Sara Jobson (Mercier Lab, MUN)
These are all hallmarks of living systems, but severed P. fabricii tissue sits in a biological gray zone. “We often call them, lovingly, our little lab zombies,” Jobson says. “Because we don’t know: Do they count as alive? Do they count as dead?” They don’t reproduce. They don’t have a mouth or a gut. Yet they are complex biological structures enduring, somehow, apart from their original organism—perhaps indefinitely. “We haven’t seen any signs that they’re degrading or dying,” Jobson says. Whether this is an immortality worth living is another question.

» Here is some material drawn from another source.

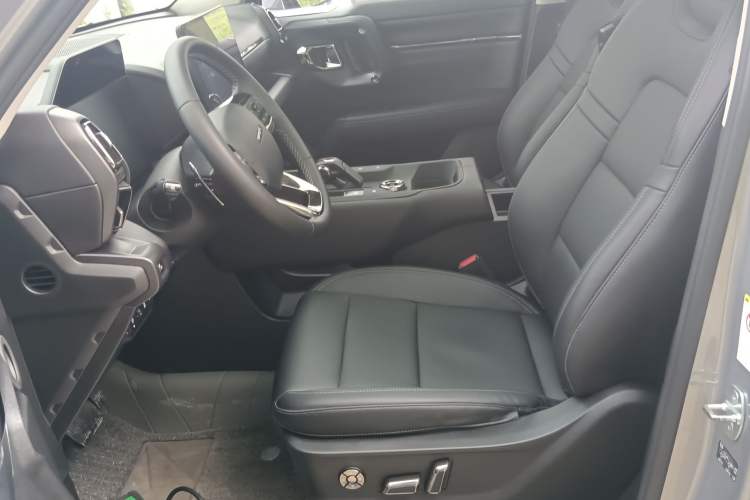 Used Haval H Dog 2023 2.0T Two-Wheel Drive Chaoye Version Plus Left Front Seat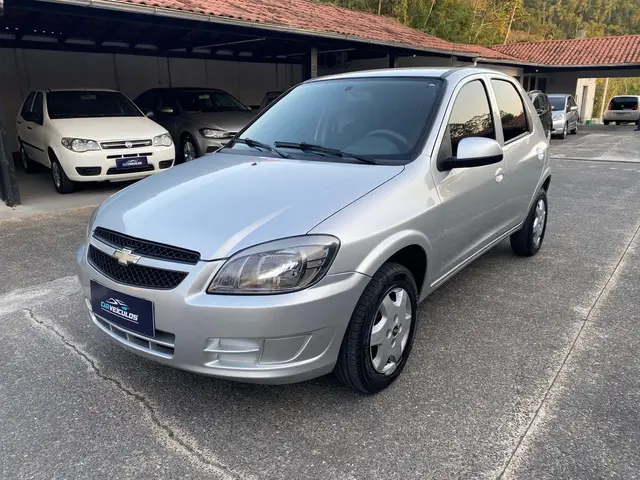Carro Chevrolet Celta 2013 LT 1.0 (Flex)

Still, Alejandro Sánchez Alvarado, a molecular biologist and president of the Stowers Institute for Medical Research in Missouri, says it’s “quite likely premature” to call this immortality. To further show that these tissues likely live forever, researchers will have to investigate whether their telomeres—DNA sequences at the end of chromosomes that shorten with age—stay the same length after many rounds of cell division. Sánchez Alvarado adds, however, that “what is remarkable here is not infinite time per se but the sustained coordination” of so many biological processes for so long in an animal’s discarded parts.

Psolus fabricii.
Sara Jobson (Mercier Lab, MUN)
Even if the zombie P. fabricii tissues are in fact slowly succumbing to entropy, they’ve outlasted the severed tissue of other sea cucumber species tested for this study by a long shot (the silver medalist perished before three and a half months). Their extreme longevity poses an evolutionary mystery: If reproduction is the basic imperative of life, why should the nonreproductive scraps of an organism remain viable at all, let alone for years? “It doesn't regrow into a new sea cucumber, as far as we can tell,” Jobson says, “so the purpose of it is very unclear.” It’s possible the whole bizarre situation is just a by-product of P. fabricii’s regenerative powers.
Whatever the case, Jobson reckons that self-sufficient sea cucumber fragments—immortal or not, with or without a purpose in this world—are drifting through Earth’s oceans right now. “Maybe,” she says, “there’s a ton of zombies out there.”